### Source material

◇ ◇ ◇

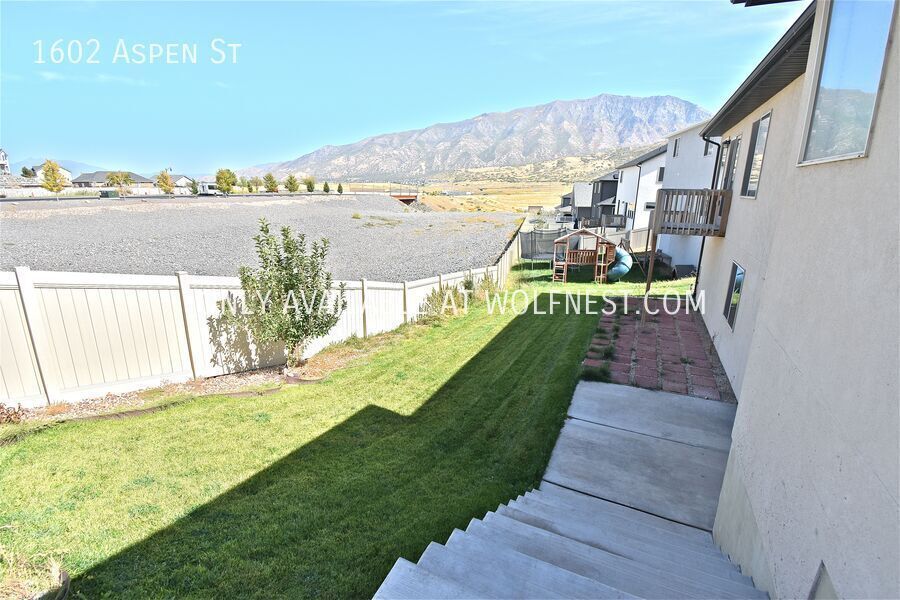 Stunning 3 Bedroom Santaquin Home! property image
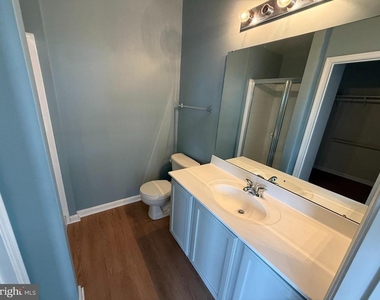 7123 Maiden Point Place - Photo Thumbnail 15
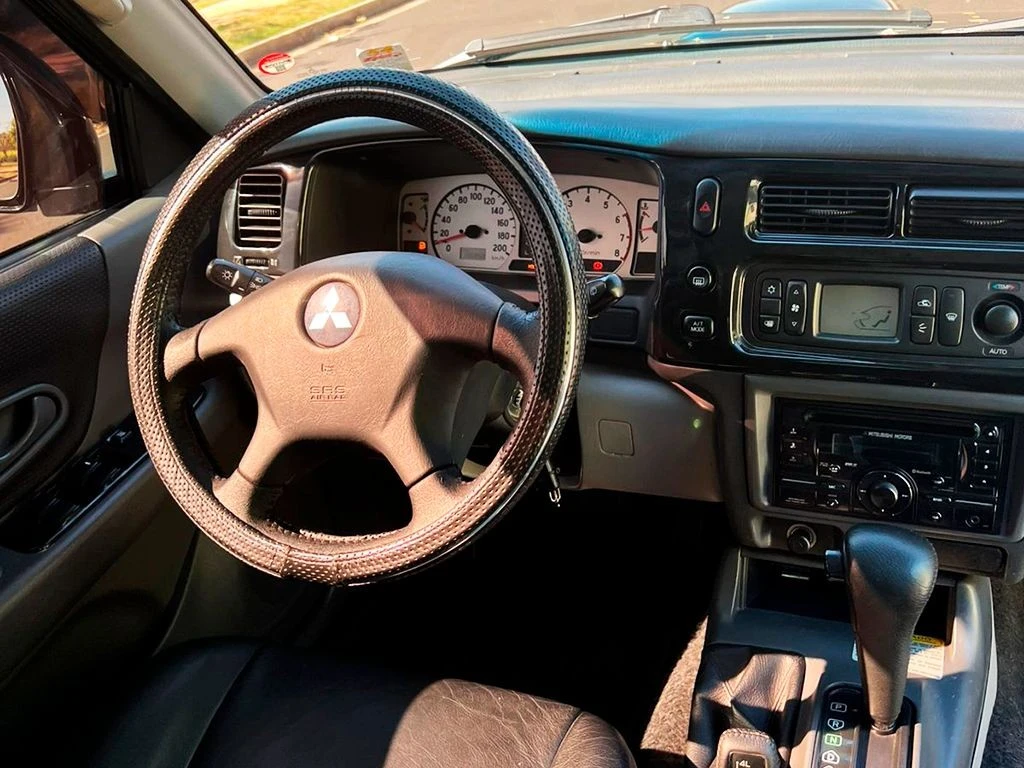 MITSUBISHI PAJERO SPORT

◇ ◇ ◇

### Aim of the task
Pictures are to be left out; the listing above is otherwise to be copied exactly.

### Answer
 Stunning 3 Bedroom Santaquin Home! property image
 7123 Maiden Point Place - Photo Thumbnail 15
 MITSUBISHI PAJERO SPORT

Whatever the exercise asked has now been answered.